By January 8, 2015 No Comments

Oil & Gas 360® had an opportunity to speak with John Gerdes about the oil and gas industry from his perch in Houston as KLR Group’s Managing Director and Head of Research. KLR is a merchant and investment bank, research house, institutional sales and trading firm that is focused on the natural resources and energy space. In this oil and gas interview, Gerdes brings to the table 30 years of oil and gas experience from his posts at Canaccord Genuity, SunTrust Robinson Humphrey, Raymond James, Salomon Brothers, Jefferies & Company, Shell and ARCO. Gerdes holds an MBA from the University of Chicago and a BS in Petroleum Engineering from the University of Tulsa.

OAG 360: John, you’ve been in this business a long time and have seen fads, trends and cycles. Does the rapid downturn in crude oil prices feel any different than it did in 2008, 1998 or 1986?
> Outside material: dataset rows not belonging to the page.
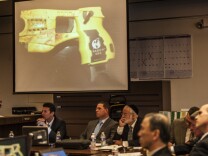 Orange County District Attorney Tony Rackauckas shows the jury an image of taser gun like the one that Fullerton police officer Jay Cicinelli used to strike Kelly Thomas during an encounter at the Fullerton Transportation Center on July 5, 2011 as Cicinelli sits below the image under the handle of the gun on Monday, Dec. 2, 2013 in Santa Ana, Calif.  Rackauckas  told jurors that former Fullerton officers Cicinelli and Manuel Ramos were responsible for the death of 37-year-old Kelly Thomas in July 2011. Thomas, whose family says was schizophrenic, died five days after the violent confrontation with six officers who responded to a call about a man jiggling car door handles in a transit center parking lot. Ramos is charged with second-degree murder and involuntary manslaughter. Cicinelli is charged with to involuntary manslaughter and use of excessive force.  Barnett portrayed Thomas as an unpredictably violent person in his opening statements.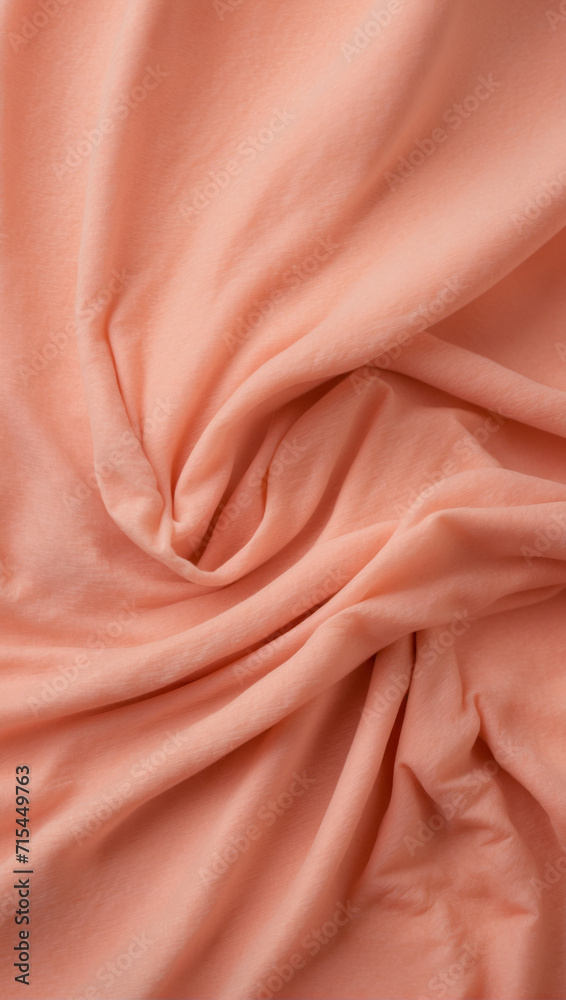 Soft focus texture of the silk fabric, peach color. Peach fabric background. Crumpled, soft rose color satin texture. Soft focus texture of the silk fabric, peach color. Peach fabric background. Crumpled, soft rose color satin texture.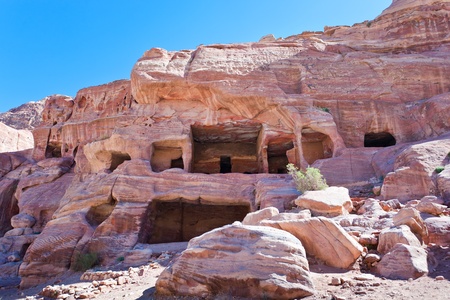 13095974-ancient-stone-houses-on-facade-street-in-petra-jordan.jpg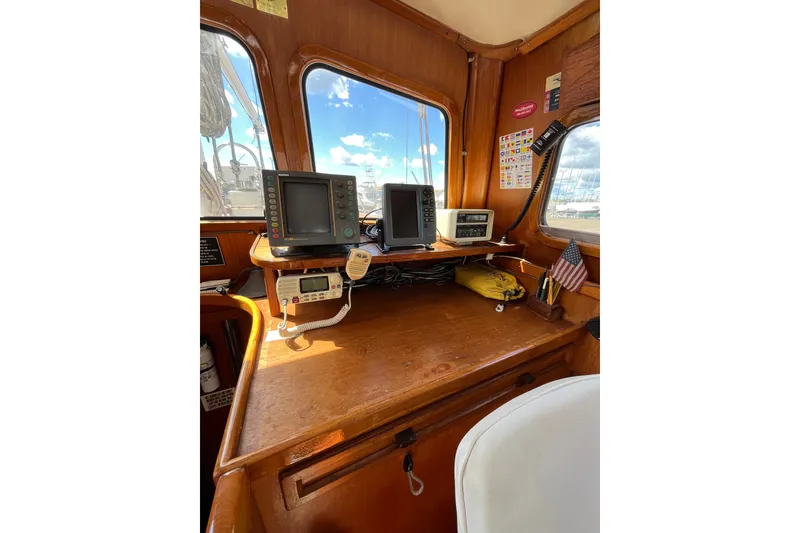 Slide: The Image of 1980 Cheoy Lee 43 Pilot House interior with navigation equipment and wooden finish. - 42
JOHN GERDES:  Well, in my 20s I was an engineer, in my 30s I was a banker and now as a researcher, it sort of all builds on itself. If we go back to ’86, that’s when I was coming out of engineering school. In the ’86 pullback, Saudi was tired of supplying everybody on the globe except themselves so they cratered oil prices. 1998 was more of a supply side reaction. 2008 had more to do with the demand side of the equation. We were seeing a softness in demand. Today, we’ve got all the dynamics at play and 500,000 to 1,000,000 barrels is the bandwidth of uncertainty in any given year.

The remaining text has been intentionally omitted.